- [Task item]: Nothing is to be output except the lines from the one containing "multicolor balloons bouquet" through the end of the material, each reproduced exactly.

- [Data for the task]:

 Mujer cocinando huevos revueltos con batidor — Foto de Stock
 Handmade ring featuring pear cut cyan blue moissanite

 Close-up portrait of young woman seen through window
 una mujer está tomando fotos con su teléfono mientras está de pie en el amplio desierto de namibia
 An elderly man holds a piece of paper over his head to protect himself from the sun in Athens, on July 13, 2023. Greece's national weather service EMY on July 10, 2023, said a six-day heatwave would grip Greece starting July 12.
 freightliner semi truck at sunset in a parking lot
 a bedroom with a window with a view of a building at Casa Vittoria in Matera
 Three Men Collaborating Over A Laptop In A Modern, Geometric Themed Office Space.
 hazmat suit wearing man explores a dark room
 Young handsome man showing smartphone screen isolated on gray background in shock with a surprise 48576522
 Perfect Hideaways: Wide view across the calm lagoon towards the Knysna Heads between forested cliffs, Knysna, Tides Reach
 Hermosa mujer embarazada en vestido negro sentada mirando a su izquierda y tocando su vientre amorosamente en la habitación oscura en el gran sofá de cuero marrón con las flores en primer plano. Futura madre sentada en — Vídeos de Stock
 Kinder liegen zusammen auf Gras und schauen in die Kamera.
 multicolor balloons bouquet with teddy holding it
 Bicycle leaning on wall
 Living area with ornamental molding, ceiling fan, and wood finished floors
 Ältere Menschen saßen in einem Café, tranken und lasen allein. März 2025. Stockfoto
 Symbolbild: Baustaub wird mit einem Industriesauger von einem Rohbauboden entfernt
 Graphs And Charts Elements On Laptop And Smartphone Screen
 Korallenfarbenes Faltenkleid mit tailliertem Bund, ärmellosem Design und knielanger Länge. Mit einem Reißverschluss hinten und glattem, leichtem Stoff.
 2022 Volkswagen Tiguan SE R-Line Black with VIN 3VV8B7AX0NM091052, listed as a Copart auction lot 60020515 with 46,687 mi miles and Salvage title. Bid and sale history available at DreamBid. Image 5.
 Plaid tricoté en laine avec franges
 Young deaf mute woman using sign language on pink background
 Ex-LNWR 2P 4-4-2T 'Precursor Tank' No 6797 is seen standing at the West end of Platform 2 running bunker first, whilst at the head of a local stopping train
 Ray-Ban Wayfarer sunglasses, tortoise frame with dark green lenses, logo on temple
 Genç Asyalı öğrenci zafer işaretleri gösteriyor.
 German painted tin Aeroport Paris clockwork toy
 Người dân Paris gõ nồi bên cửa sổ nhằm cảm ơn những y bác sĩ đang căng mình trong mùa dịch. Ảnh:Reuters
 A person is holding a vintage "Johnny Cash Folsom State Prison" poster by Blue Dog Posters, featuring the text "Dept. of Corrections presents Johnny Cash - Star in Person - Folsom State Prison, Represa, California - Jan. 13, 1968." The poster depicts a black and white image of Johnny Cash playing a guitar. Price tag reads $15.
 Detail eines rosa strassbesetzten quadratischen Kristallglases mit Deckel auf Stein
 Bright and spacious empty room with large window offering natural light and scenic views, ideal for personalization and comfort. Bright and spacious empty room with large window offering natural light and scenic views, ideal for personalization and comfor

- [Solution below]:
 multicolor balloons bouquet with teddy holding it
 Bicycle leaning on wall
 Living area with ornamental molding, ceiling fan, and wood finished floors
 Ältere Menschen saßen in einem Café, tranken und lasen allein. März 2025. Stockfoto
 Symbolbild: Baustaub wird mit einem Industriesauger von einem Rohbauboden entfernt
 Graphs And Charts Elements On Laptop And Smartphone Screen
 Korallenfarbenes Faltenkleid mit tailliertem Bund, ärmellosem Design und knielanger Länge. Mit einem Reißverschluss hinten und glattem, leichtem Stoff.
 2022 Volkswagen Tiguan SE R-Line Black with VIN 3VV8B7AX0NM091052, listed as a Copart auction lot 60020515 with 46,687 mi miles and Salvage title. Bid and sale history available at DreamBid. Image 5.
 Plaid tricoté en laine avec franges
 Young deaf mute woman using sign language on pink background
 Ex-LNWR 2P 4-4-2T 'Precursor Tank' No 6797 is seen standing at the West end of Platform 2 running bunker first, whilst at the head of a local stopping train
 Ray-Ban Wayfarer sunglasses, tortoise frame with dark green lenses, logo on temple
 Genç Asyalı öğrenci zafer işaretleri gösteriyor.
 German painted tin Aeroport Paris clockwork toy
 Người dân Paris gõ nồi bên cửa sổ nhằm cảm ơn những y bác sĩ đang căng mình trong mùa dịch. Ảnh:Reuters
 A person is holding a vintage "Johnny Cash Folsom State Prison" poster by Blue Dog Posters, featuring the text "Dept. of Corrections presents Johnny Cash - Star in Person - Folsom State Prison, Represa, California - Jan. 13, 1968." The poster depicts a black and white image of Johnny Cash playing a guitar. Price tag reads $15.
 Detail eines rosa strassbesetzten quadratischen Kristallglases mit Deckel auf Stein
 Bright and spacious empty room with large window offering natural light and scenic views, ideal for personalization and comfort. Bright and spacious empty room with large window offering natural light and scenic views, ideal for personalization and comfor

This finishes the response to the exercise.